A consultation produced 3,555 responses against abolition to 11 in favour. The Agriculture minister, Gillian Shephard, decided to leave well alone. But where the last Conservative government feared to tread, the Coalition has moved in. The AWB is to be abolished on the grounds that it interferes in the free market and discourages farmers taking being hiring staff.

It is not being suggested that it an ineffective or expensive quango. Its disappearance will reduce administrative costs by a negligible £0.5m over 10 years. That is £50,000 a year.

What it will cost farm workers in lower wages is, on the other hand, spectacular – as illustrated in the Environment Department’s own “impact assessment” published this week. The Department’s “best estimate” is that, over 10 years, the cost in lost wages will be £235.7m and the overall gain will be £236.2m £0.5m gained by the taxpayer, the rest by farmers.

That is a hefty transfer of wealth from those who work on farms to those who own them. Labour’s Mary Creagh, the shadow Environment Secretary, calls it “a race to the bottom in pay in our towns and villages”.

Fabricant is the chief quip

David Cameron should never have let the ex-whip Michael Fabricant out of the whips’ office. Whips have to mind what they say.

Now that Fabricant is a vice-chairman of the Conservative Party, he has taken to entertaining Westminster with a string of Twitter messages, like this one yesterday: “I think I should make a personal statement to the House about my 35mph speeding penalty. I am guilty. I am a pleb.”

An in-house award for Spackman

Well done to the comment section of our rival paper, The Times, on securing a string of victories in the annual awards announced yesterday by the networking business, Editorial Intelligence. They won the Political Commentator, Sketch Commentator, Media Commentator and Commentariat of the Year awards, much to the credit of The Times Comment Editor, Anne Spackman.
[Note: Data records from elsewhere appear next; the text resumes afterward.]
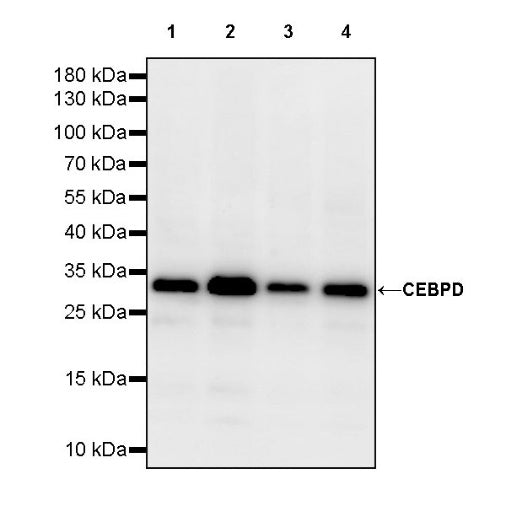 CEBPD Recombinant Rabbit mAb (S-1932-47)
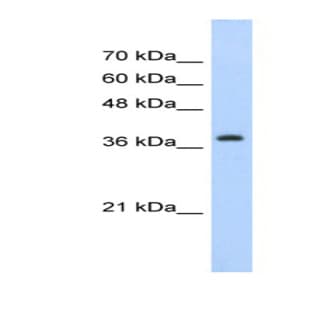 anti-Chromobox Homolog 6 (CBX6) (C-Term) antibody avatar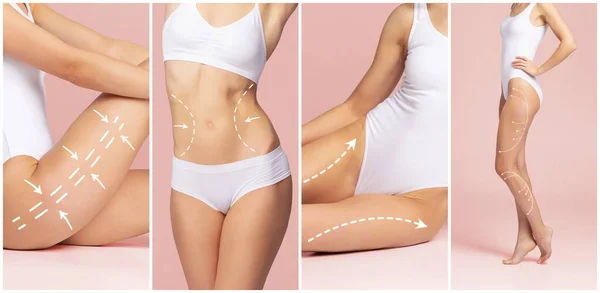 Mooi Fit Vrouwelijk Lichaam Met Tekening Pijlen Plastische Chirurgie Liposuctie — Stockfoto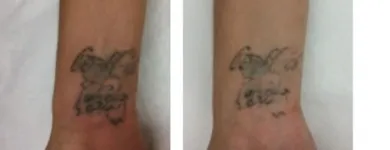 Business 5 image SECOND THOUGHTS TATTOO REMOVAL Tattoo Removal in Kelmscott WA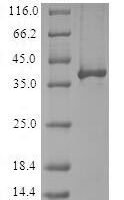 Human E3 ubiquitin-protein ligase RBX1 (RBX1) Recombinant Protein - BioCrest Sci
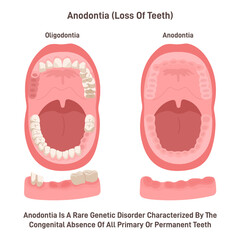 Anodontia. Rare genetic disorder characterized by the congenital - obrazy, fototapety, plakaty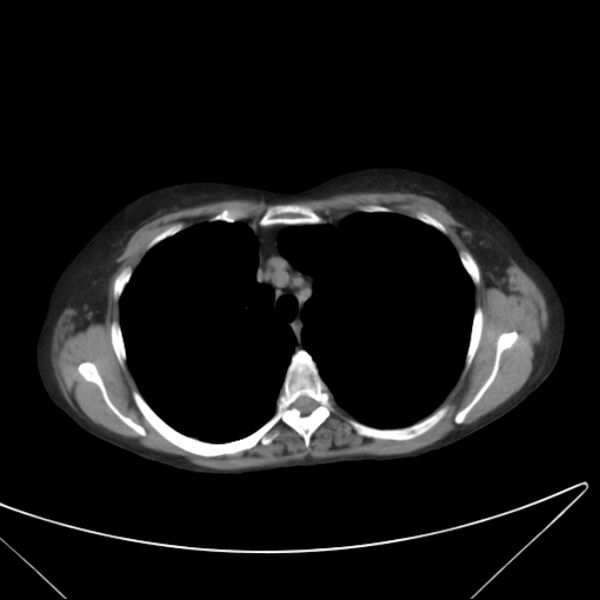 File:Centrilobular pulmonary emphysema (Radiopaedia 24495-24789 Axial non-contrast 13).jpg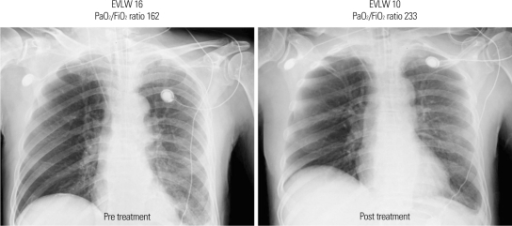 Changes of chest X-ray findings after carperitide thera 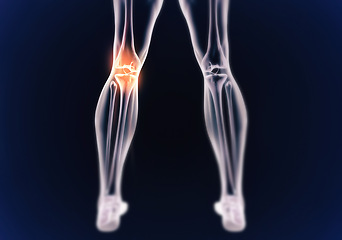 Image showing Legs, skeleton and red pain with graphic for xray, exam and analysis in healthcare overlay and dark or black background. 3D of anatomy, radiology and knee or joint illustration for injury and physio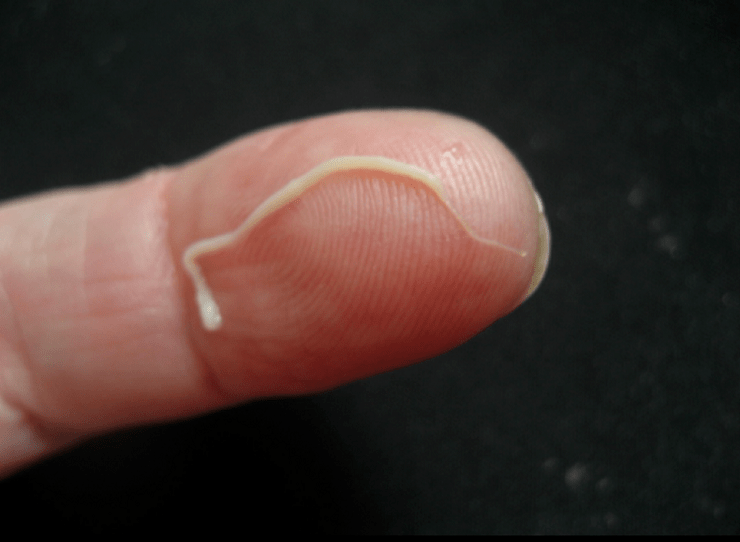 人体的蛔虫寄生虫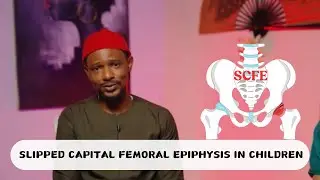 ALL YOU NEED TO KNOW ABOUT SCFE- SLIPPED CAPITAL FEMORAL EPIPHYSIS IN CHILDREN| PEDIATRICS -TO GO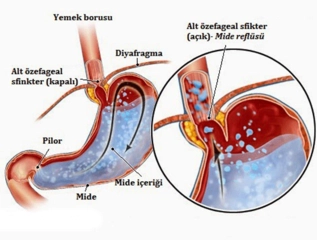 Özofajial Reflü Belirtileri ve Tedavisi
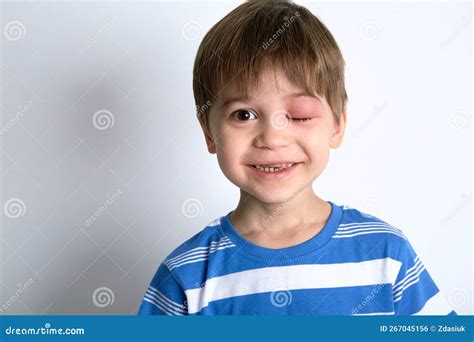 A Boy With Swollen Eye From Insect Bite Quincke Edema Portrait Of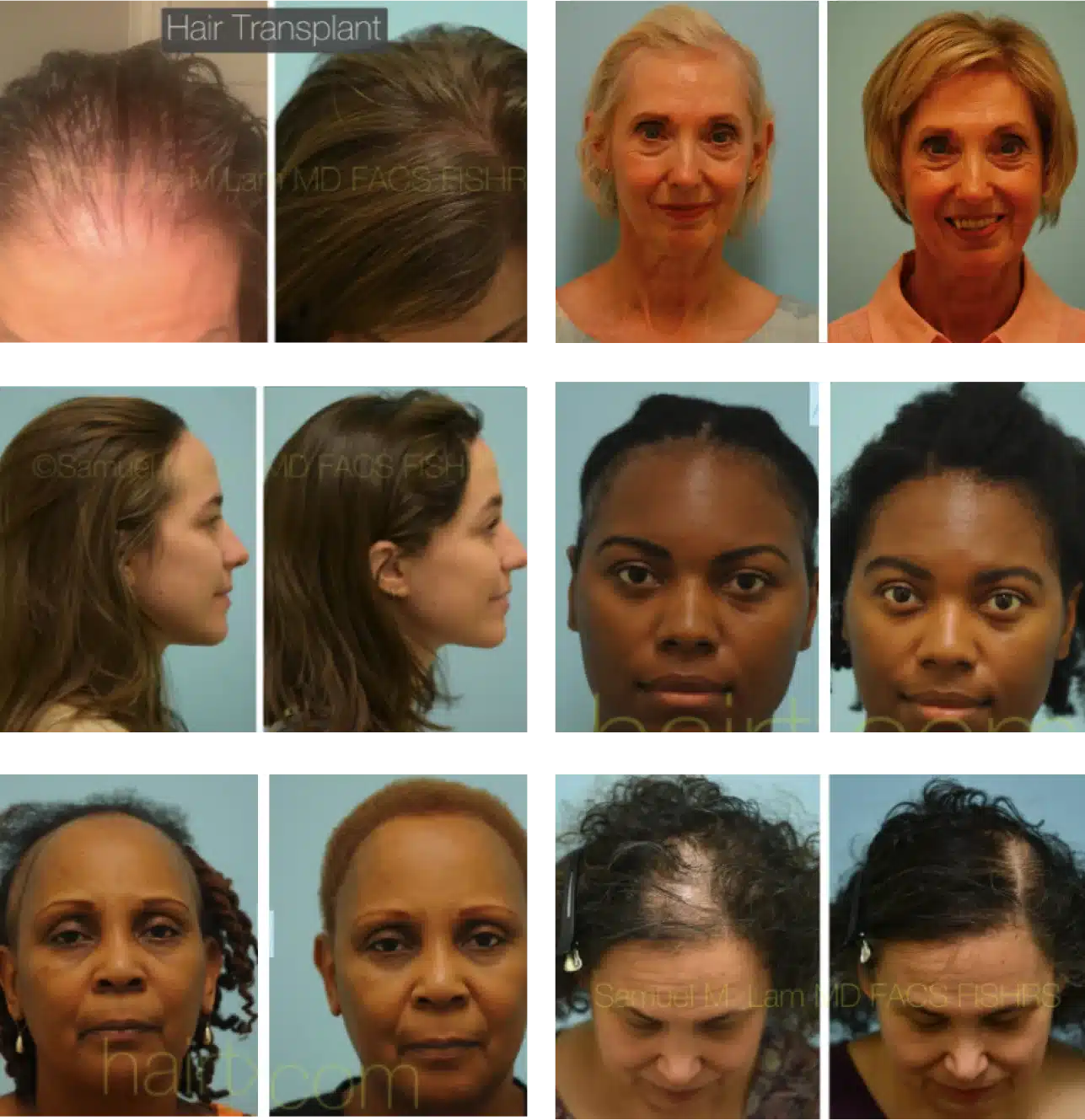 FUE hair restoration before and after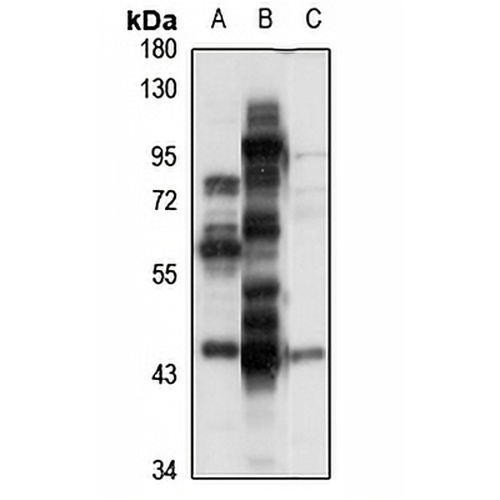 Endophilin-B1 Rabbit Polyclonal Antibody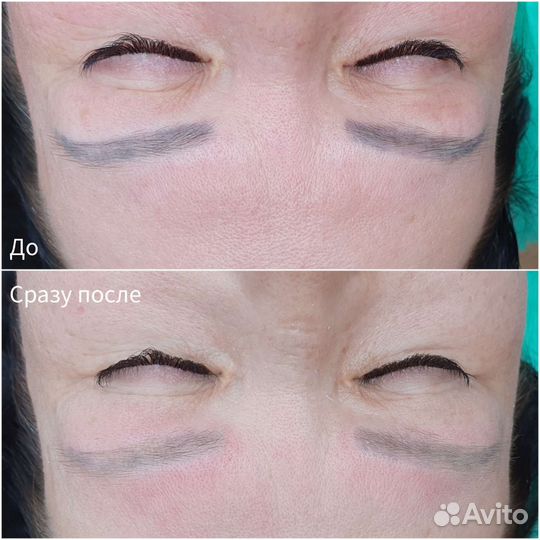 Лазерное удаление татуажа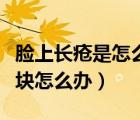 臉上長(zhǎng)瘡是怎么回事硬硬的很大（臉上長(zhǎng)瘡硬塊怎么辦）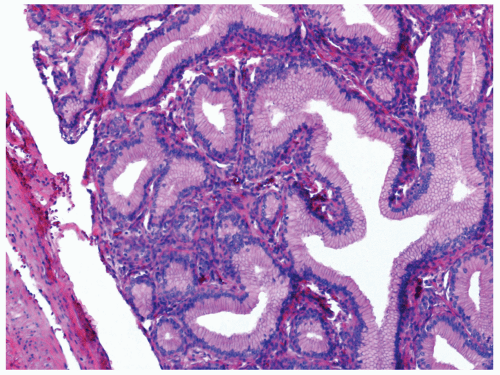 Seromucinous-Gland Neoplasms | Basicmedical Key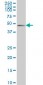 PDLIM7 Antibody (monoclonal) (M01)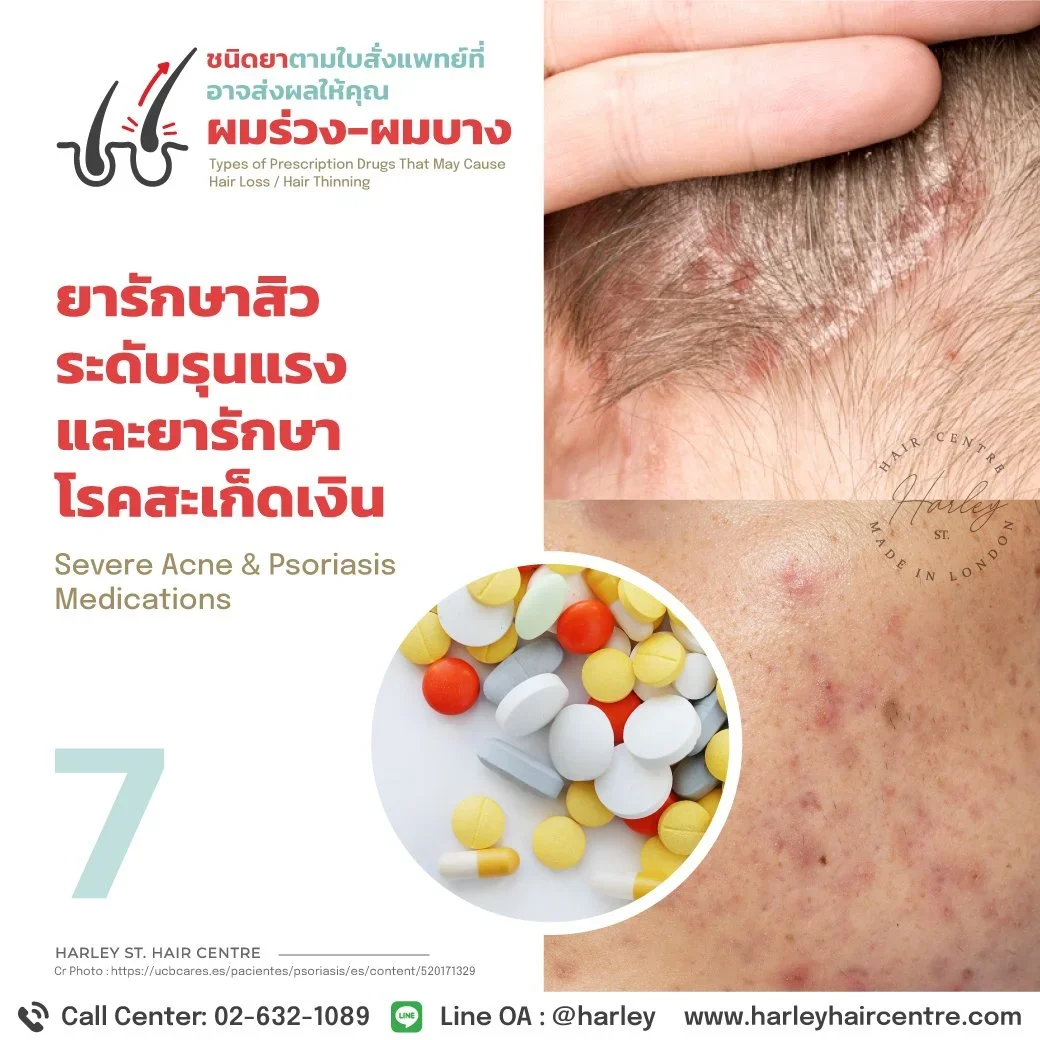 ยารักษาสิวและสะเก็ดเงิน: เมื่อการรักษาผิวอาจส่งผลข้างเคียงให้ "ผมร่วง"
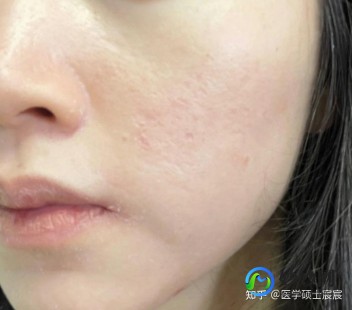 脸上痘坑怎么治疗,脸上很多痘坑怎么处理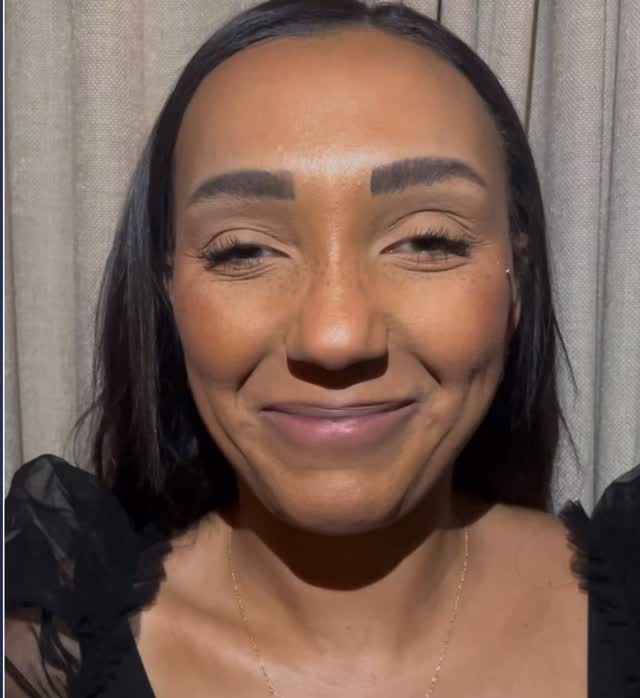 The images reflect before-and-after outcomes of neurotoxin Botox wrinkle-relaxer treatments by Dr.Prince, DNP, FNP-BC.
✨ You can see smoother skin, softened motion lines, and an overall refreshed look.
#HandcraftedAesthetics #BotoxResults #NaturalBeauty #ColumbusMedSpa #GlowWithConfidence
#medspa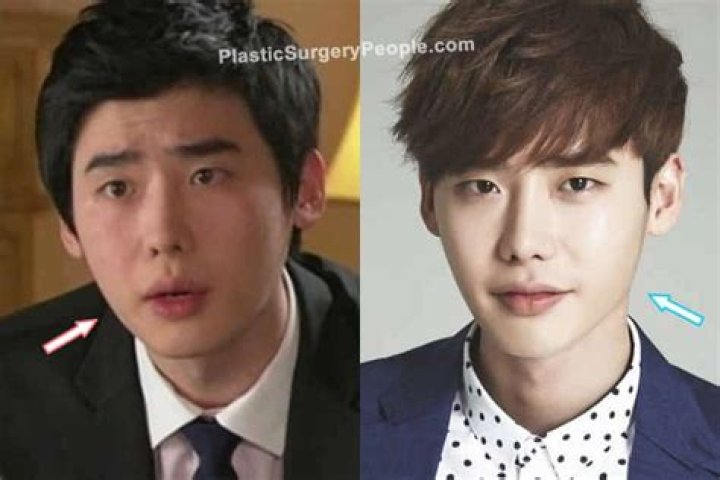 Lee Jong Suk | Before Plastic Surgery? Wrong With His Face?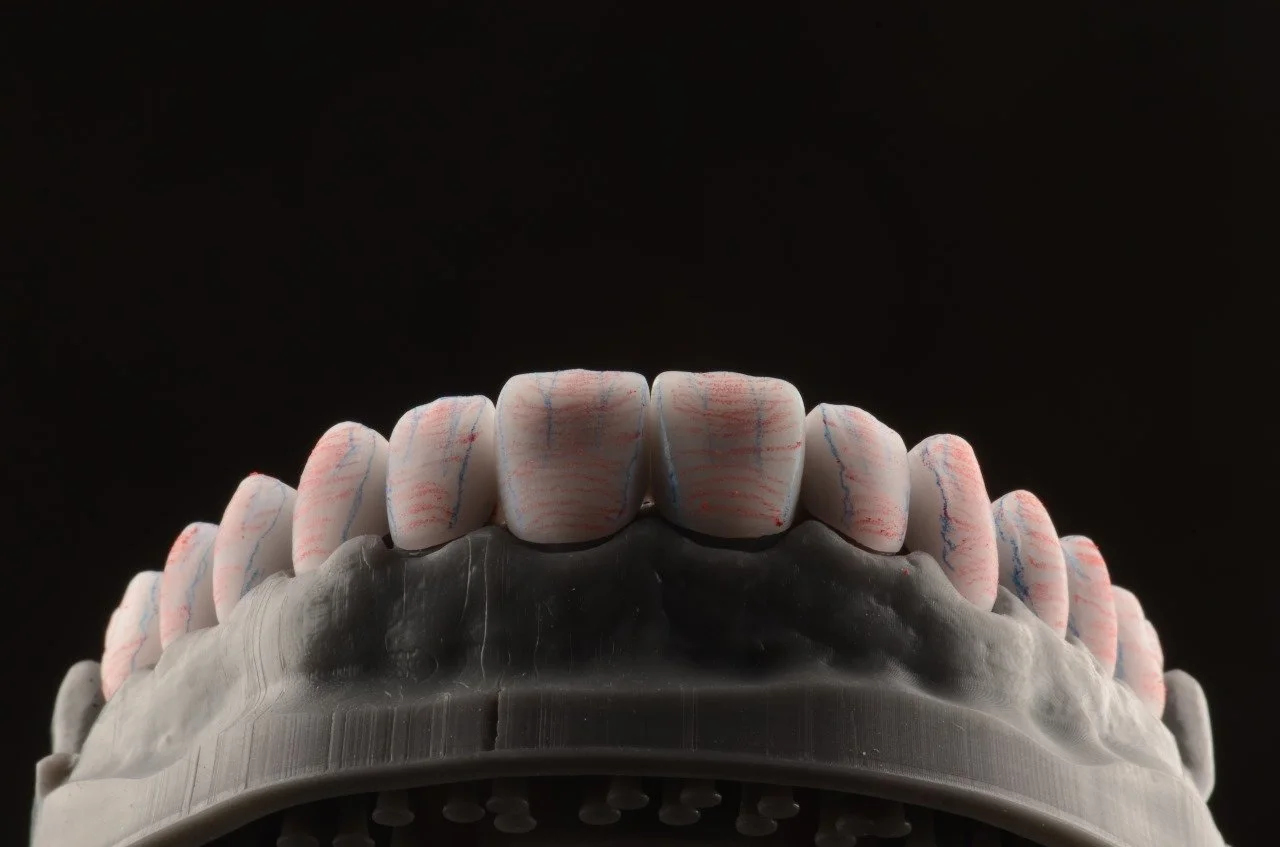 Digital Smile Design in San Antonio, TX | M.I. Dental Designs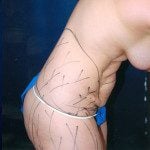 Tummy Tuck 4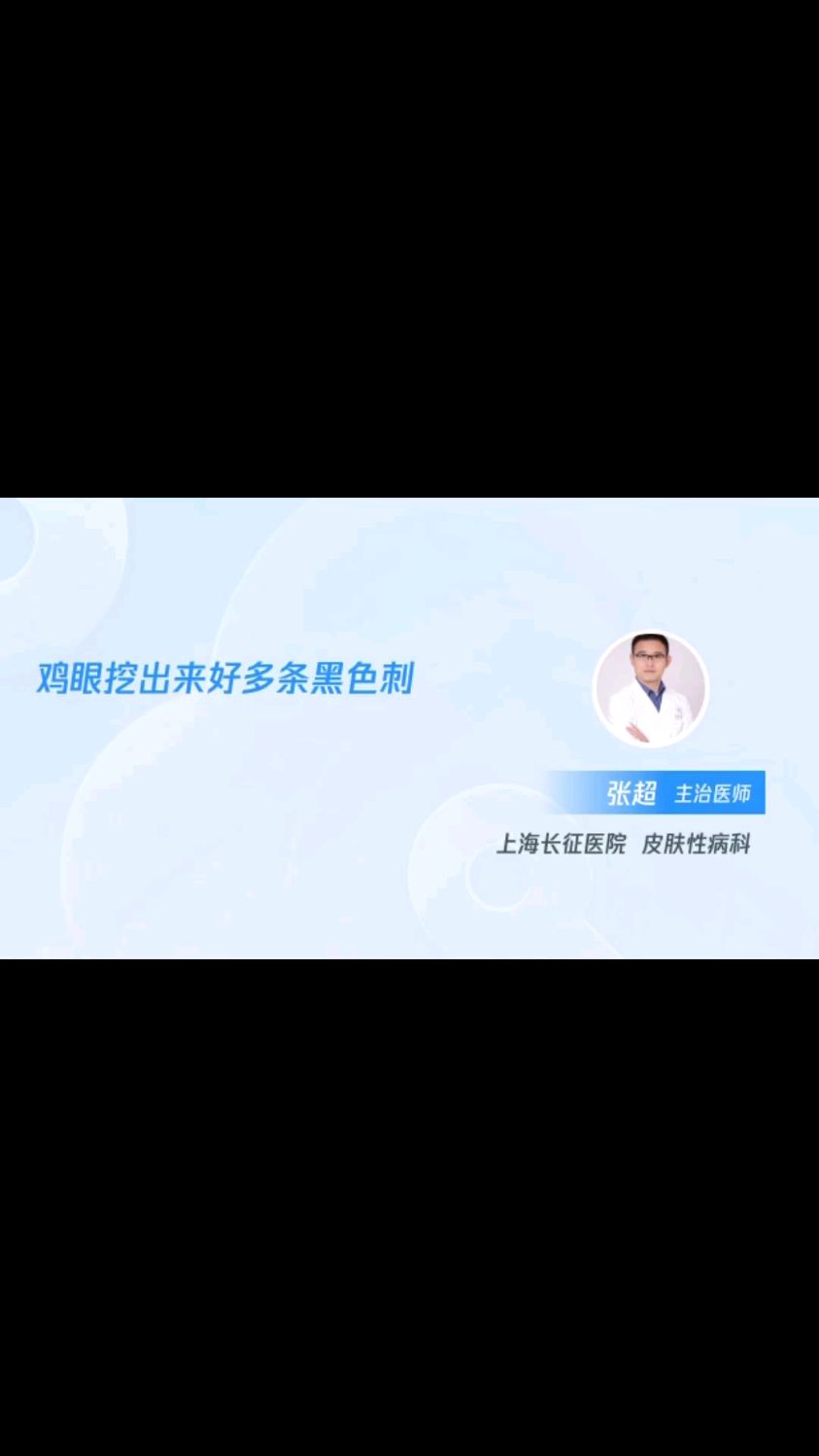 鸡眼挖出来好多黑色刺怎么回事?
She is married to Charlie Burgess, formerly of this parish, who is a director of Editorial Intelligence, by the way.

Murdoch press in a spin over sexism

The Australian Prime Minister, Julia Gillard has become a star of the internet through her assault on the alleged sexism of the opposition leader, Tony Abbott, which has seriously annoyed commentators on Rupert Murdoch’s paper, The Australian, one of whom, Arthur Sinodinos, had this to say yesterday: “Labor’s decision to go negative on steroids is no accident… its high priest is the director of communications, the ex-Blair spinmeister John McTernan….’”

It is odd that McTernan is picking up this ferocious reputation in Oz, because he was never a “Blair spinmeister”, let alone a High Priest of Negativity on Steroids in the UK. He was a Blairite who worked for a time as a Downing Street adviser, and acted at different times as a spin doctor for some Cabinet ministers. He was never seen as a major practitioner of the dark arts.

He is not mentioned in the first 1,400 pages of Alastair Campbell’s diaries.